Just a short drive from the centre of the Dutch capital, nestled in the leafy borough of Amsterdam-Zuid, the Olympiaplein sports park is surrounded by apartments, bakeries and coffee shops. When the weekend rolls around, the ambient noise of amateur football matches reverberates around the streets. On a spring evening in May 2019, the reassuring hum of players competing for headers and small crowds clapping local footballing idols fell silent. Feyenoord were in town.

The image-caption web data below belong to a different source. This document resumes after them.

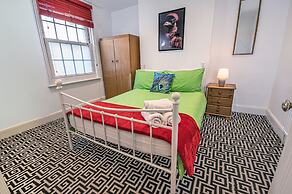 Stylish Super Central Modern Townhouse Retreat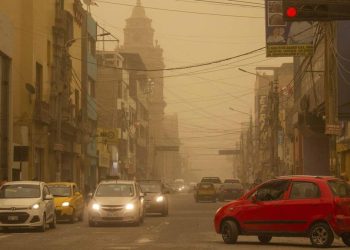 Kota-kota di Peru Tertutup Pasir Akibat Badai Besar
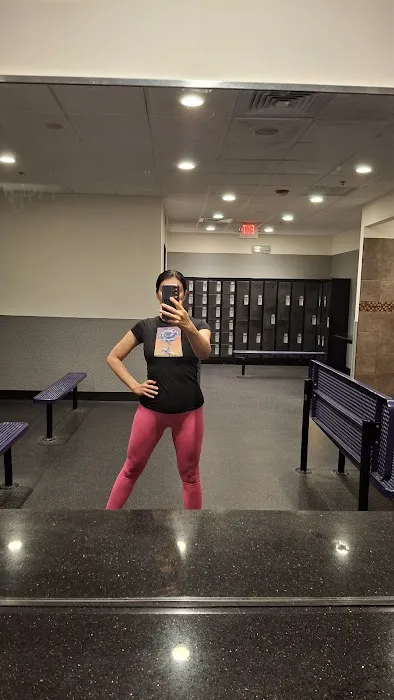 Planet Fitness Picture 1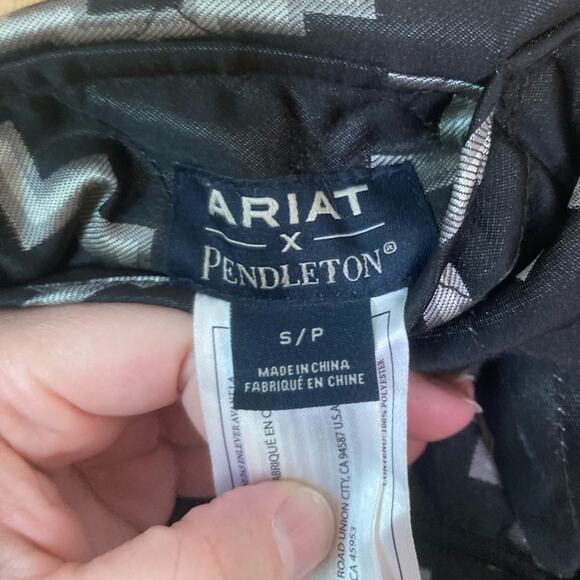 Copied - Ariat Pendleton Reversible Vest Women's Small - Picture 6 of 11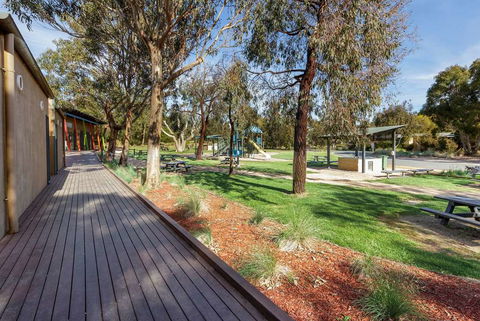 Ramada Resort Phillip Island - Sydney 4u 1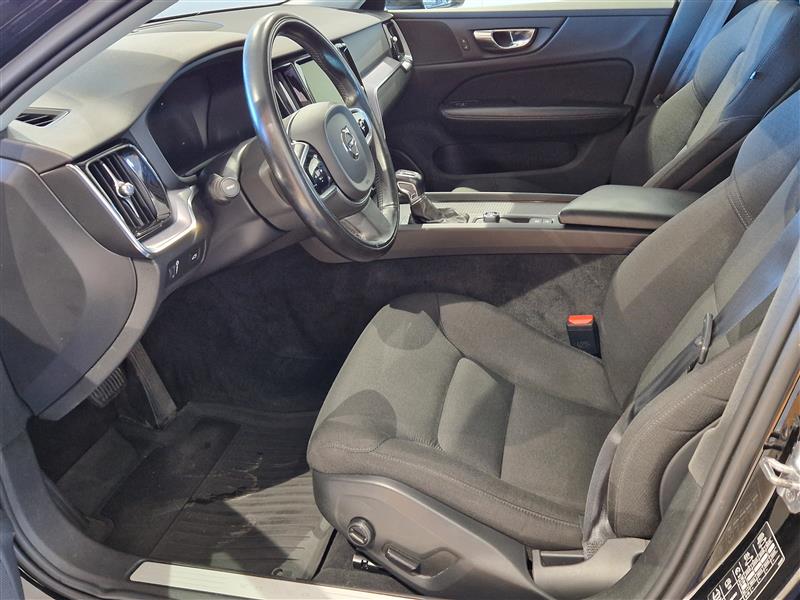 Volvo V60 D3 AWD Business aut 2020, bild 6/21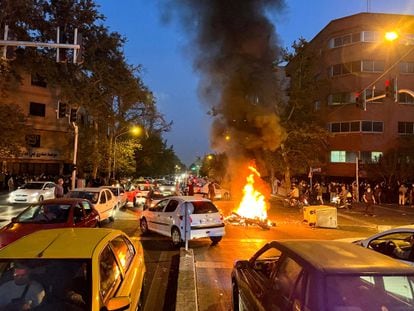 La motocicleta de un policía ardía el 19 de septiembre de 2022, en los primeros días de las protestas en Irán.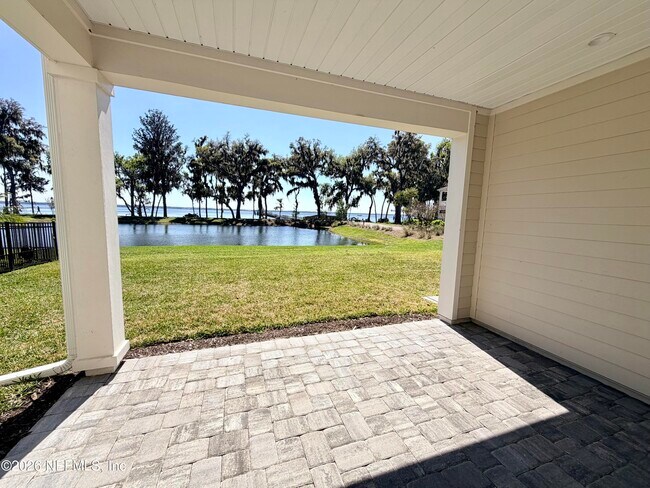 Building Photo - 173 Oak Pk Dr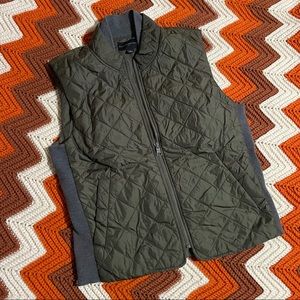 Banana republic army green quilted vest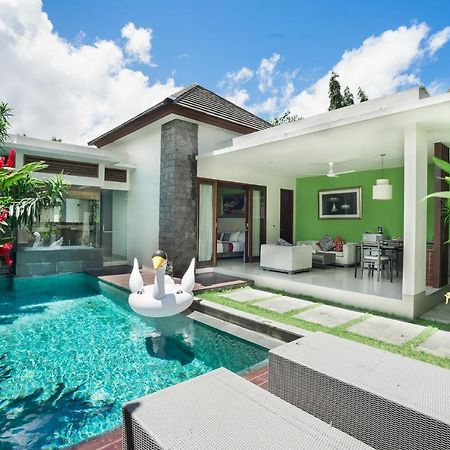 Royal Samaja Villas - CHSE Certified Seminyak Exterior foto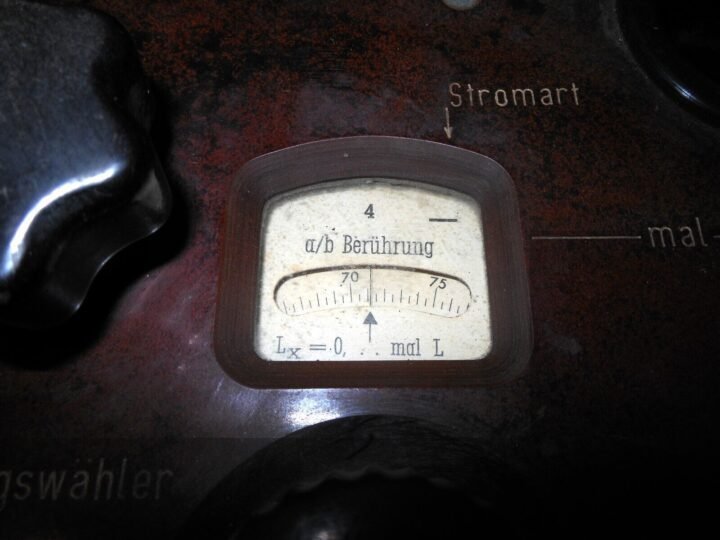 WW2 German Luftwaffe Messbrücke Ohmmeter – COMMUNICATION LINE TESTING UNIT — image 13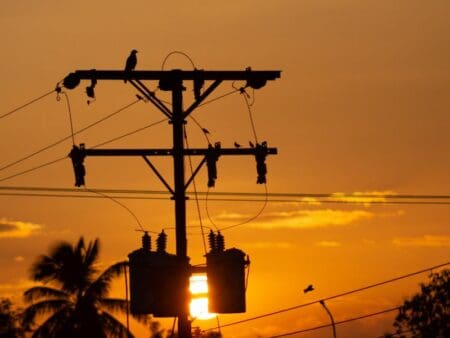 Following deadly fire, Hawaii utility plans to proactively cut power when risk is high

When unassuming amateur club AVV Swift - mainstays of the fourth and fifth tiers of Dutch football, came up against Feyenoord’s associated youth team - Feyenoord AV, little out of the ordinary was expected. As the Eredivisie had however wrapped up a week earlier, Feyenoord’s ultras - known as the S.C.F - made the 77-kilometre journey to Amsterdam in support of their youngsters. Not allowing a Feyenood invasion to go uncontested and fancying a post-season ruckus, Ajax’s ultra group - the F-Side, made the short trip to the Olympiaplein. What followed was a little more unexpected: fireworks, attacks on team buses, supporters clashing between themselves and with the police. Violence at football matches in the Netherlands wasn’t uncommon, violence between Feyenoord and Ajax fans even less so.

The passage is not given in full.